Mir Mansoor Sultan^*, Adeeba Younus, Durre Shahwar Fatima and Faria Mushtaq Department of Pharmacology, Sultan-Ul-Uloom College of Pharmacy, Banjara Hills, Hyderabad, Telangana, India
^*Correspondence: Mir Mansoor Sultan, Department of Pharmacology, Sultan-Ul-Uloom College of Pharmacy, Banjara Hills, Hyderabad, Telangana, India, Email:

Received: 05-Feb-2024, Manuscript No. BLM-24-24826; Editor assigned: 07-Feb-2024, Pre QC No. BLM-24-24826 (PQ); Reviewed: 21-Feb-2024, QC No. BLM-24-24826; Revised: 28-Feb-2024, Manuscript No. BLM-24-24826 (R); Published: 07-Mar-2024, DOI: 10.35248/0974-8369.23.16.357

Introduction

Sepsis is a life-threatening condition caused by the body's extreme response to an infection. This heightened response can lead to organ damage, and individuals of advanced age, infants, or those Individuals with pre-existing health conditions are particularly susceptible. While bacteria are the primary cause of infection, other pathogens such as viruses or fungi can also trigger infection or septicemia. Clinically, Septicemia is divided into 3 stages, with key diagnostic criteria including alterations in mental status, increased respiratory rate, and decreased blood pressure. Notably, sepsis itself is not contagious. Treatment typically involves hospitalization, intravenous antibiotics, and supportive measures to address organ failure [1-3].

The presence of Gram-positive cocci and Gram-negative bacilli bacteria in the blood heightens the likelihood of progressing to severe sepsis or septic shock within the first month in the ICU (Intensive Care Unit). Moreover, the timing of sepsis diagnosis impacts survival rates, with individuals initially clinically diagnosed with septic shock having an elevated risk of mortality within 28 days (about 4 weeks). Progression to severe sepsis and/or septic shock during the first week further increases the probability of mortality [4].

Urosepsis and septic shock were the common types detected along with LRTI/UTI (Lower Respiratory Tract Infection/Urinary Tract Infection) Sepsis.
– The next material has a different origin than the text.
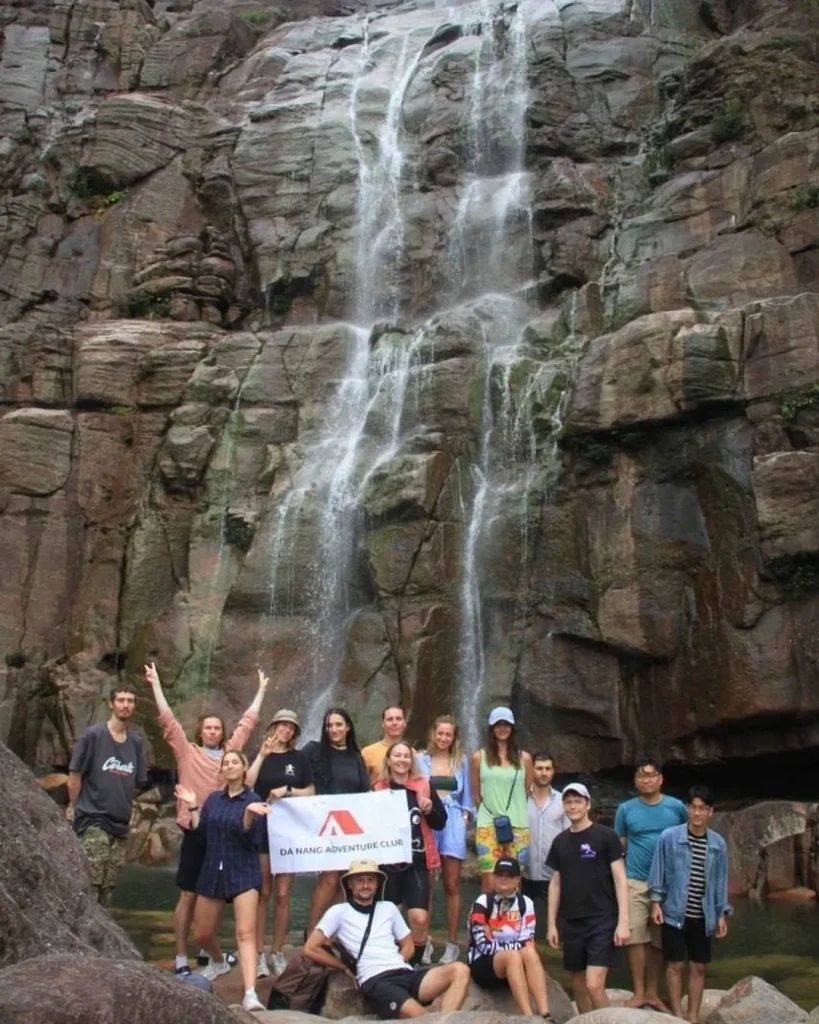 Five Falls Hike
Antibiotics are the first line of defense against urosepsis and must be administered quickly and quickly to eliminate the bacteria that causes the infection [3].

The main objective of the study was to examine the safety and efficacy associated with various treatment approaches. Identify trends and variations in the management of severe sepsis, including the usage of antibiotics, and supportive care and to examine factors associated with improved or worsened outcomes in severe sepsis cases, such as patient demographics, comorbidities, or timing of treatment [5-8].

Materials and Methods

Design and duration of study

A hospital-based prospective study was done on all inpatients and outpatients in Princess Durru Shehvar Children's and General Hospital, Hyderabad, Telangana for a period of 6 months.

Study population: The individuals who are diagnosed with sepsis and are being given antibiotics were considered. The sample size was 115.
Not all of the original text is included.